== Provided data
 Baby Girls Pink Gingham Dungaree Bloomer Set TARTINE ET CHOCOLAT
====
== Provided data
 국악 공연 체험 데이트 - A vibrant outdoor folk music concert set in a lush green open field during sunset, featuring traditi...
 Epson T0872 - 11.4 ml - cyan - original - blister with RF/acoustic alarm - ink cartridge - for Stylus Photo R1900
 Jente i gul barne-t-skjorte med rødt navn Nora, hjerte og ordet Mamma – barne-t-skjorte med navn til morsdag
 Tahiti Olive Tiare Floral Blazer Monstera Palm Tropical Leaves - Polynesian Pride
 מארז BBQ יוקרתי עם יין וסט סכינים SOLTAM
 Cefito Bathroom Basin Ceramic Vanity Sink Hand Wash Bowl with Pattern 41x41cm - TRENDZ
====
== Provided data
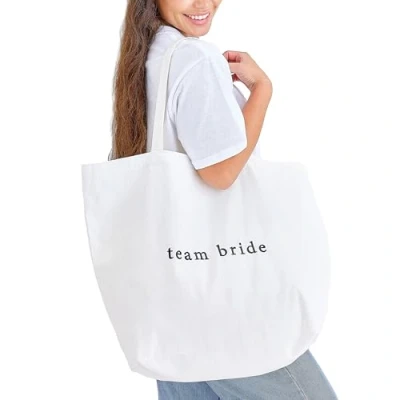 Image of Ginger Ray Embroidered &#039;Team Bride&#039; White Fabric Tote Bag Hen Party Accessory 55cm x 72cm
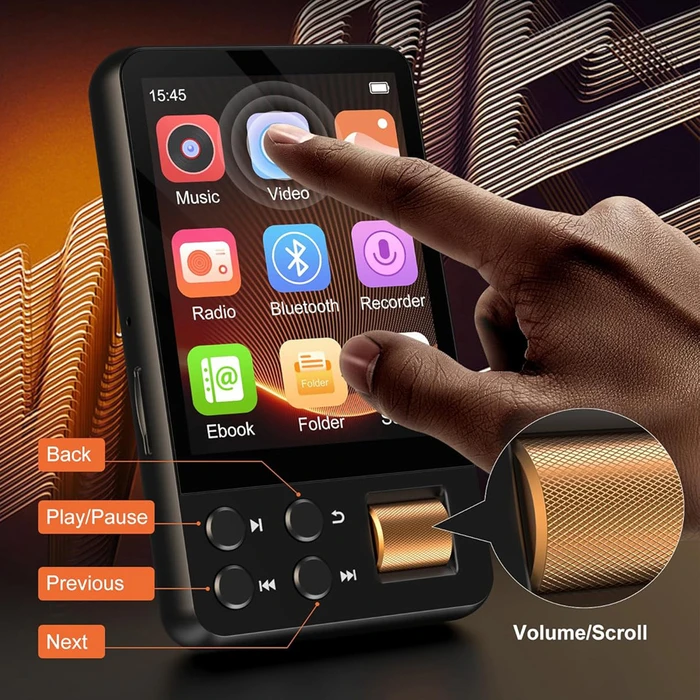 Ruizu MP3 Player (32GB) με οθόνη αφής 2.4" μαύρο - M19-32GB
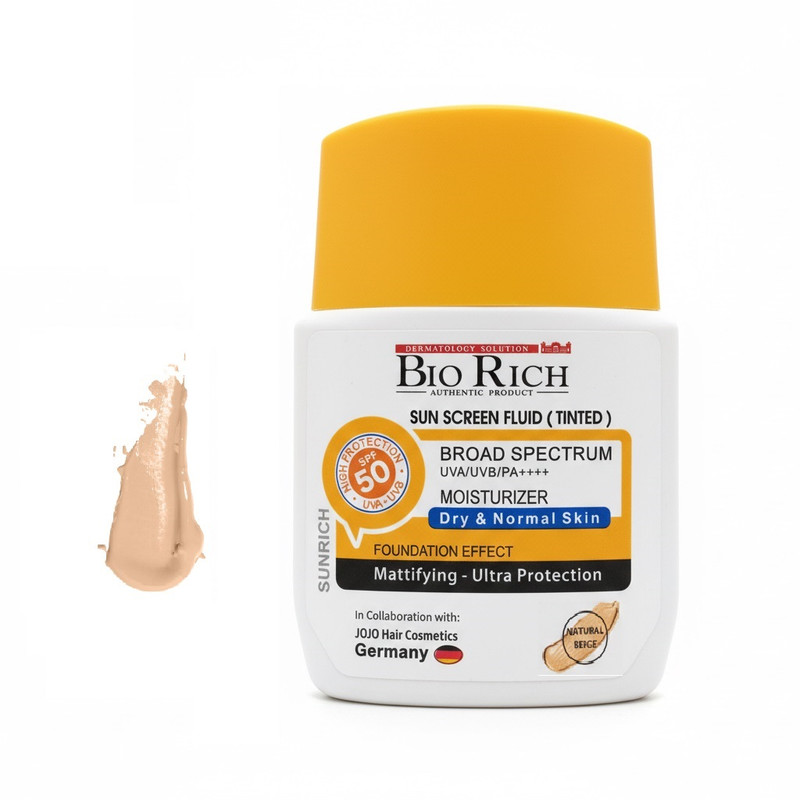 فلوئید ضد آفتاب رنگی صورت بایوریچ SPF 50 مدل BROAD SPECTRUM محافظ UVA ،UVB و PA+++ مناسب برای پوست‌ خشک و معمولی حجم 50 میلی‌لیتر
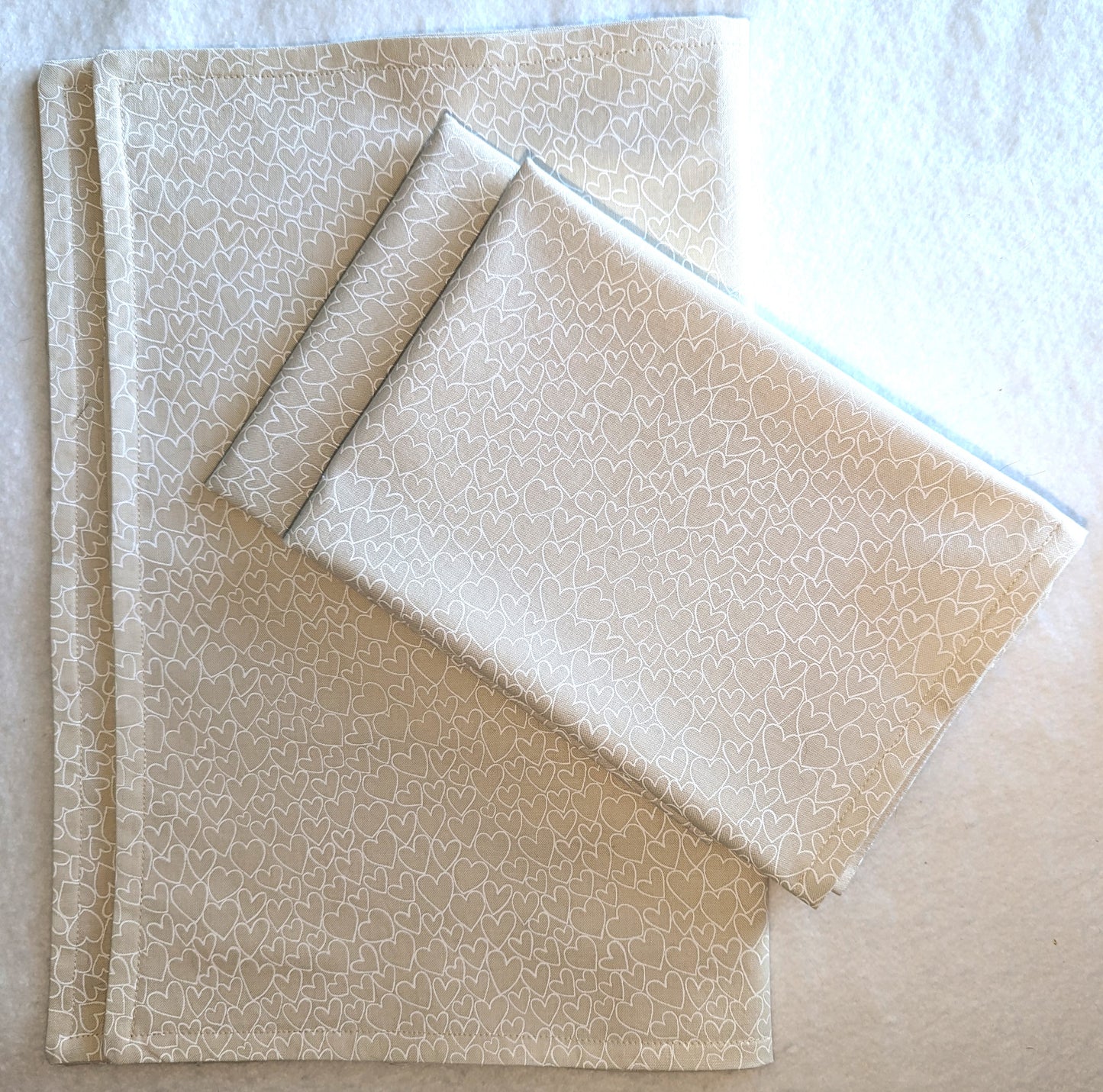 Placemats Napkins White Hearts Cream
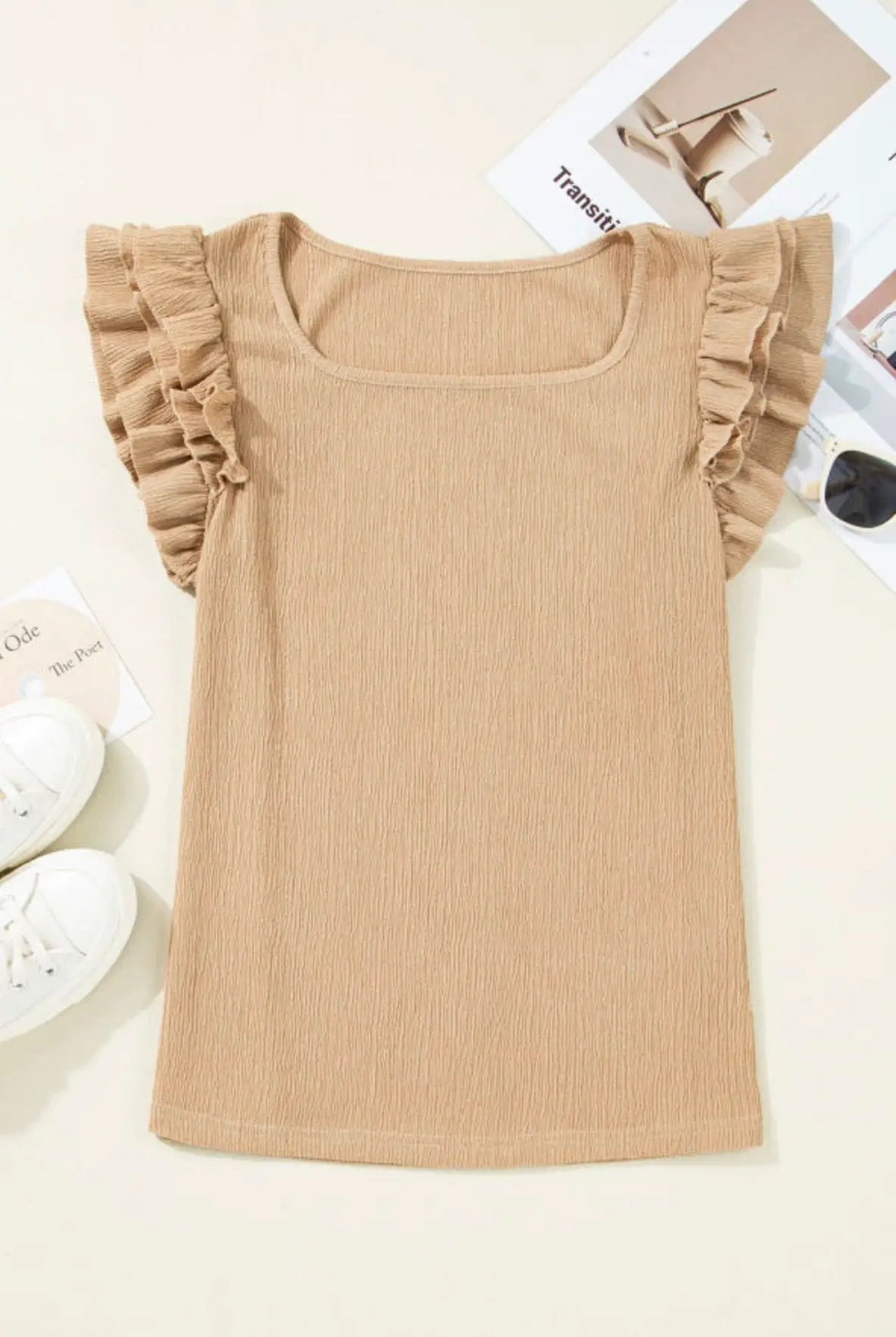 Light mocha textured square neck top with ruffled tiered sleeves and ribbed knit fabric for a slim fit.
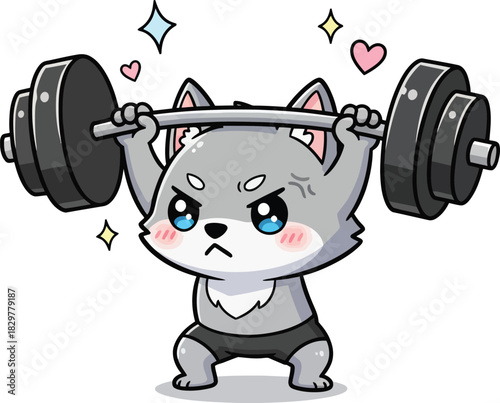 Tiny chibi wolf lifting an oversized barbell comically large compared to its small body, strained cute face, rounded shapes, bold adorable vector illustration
====
__Problem__:
Exact copy, pictures excluded: from the line with "Image of Ginger" up to and including the line with "Tiny chibi wolf" in the data above.

__Task solution__:
 Image of Ginger Ray Embroidered &#039;Team Bride&#039; White Fabric Tote Bag Hen Party Accessory 55cm x 72cm
 Ruizu MP3 Player (32GB) με οθόνη αφής 2.4" μαύρο - M19-32GB
 فلوئید ضد آفتاب رنگی صورت بایوریچ SPF 50 مدل BROAD SPECTRUM محافظ UVA ،UVB و PA+++ مناسب برای پوست‌ خشک و معمولی حجم 50 میلی‌لیتر
 Placemats Napkins White Hearts Cream
 Light mocha textured square neck top with ruffled tiered sleeves and ribbed knit fabric for a slim fit.
 Tiny chibi wolf lifting an oversized barbell comically large compared to its small body, strained cute face, rounded shapes, bold adorable vector illustration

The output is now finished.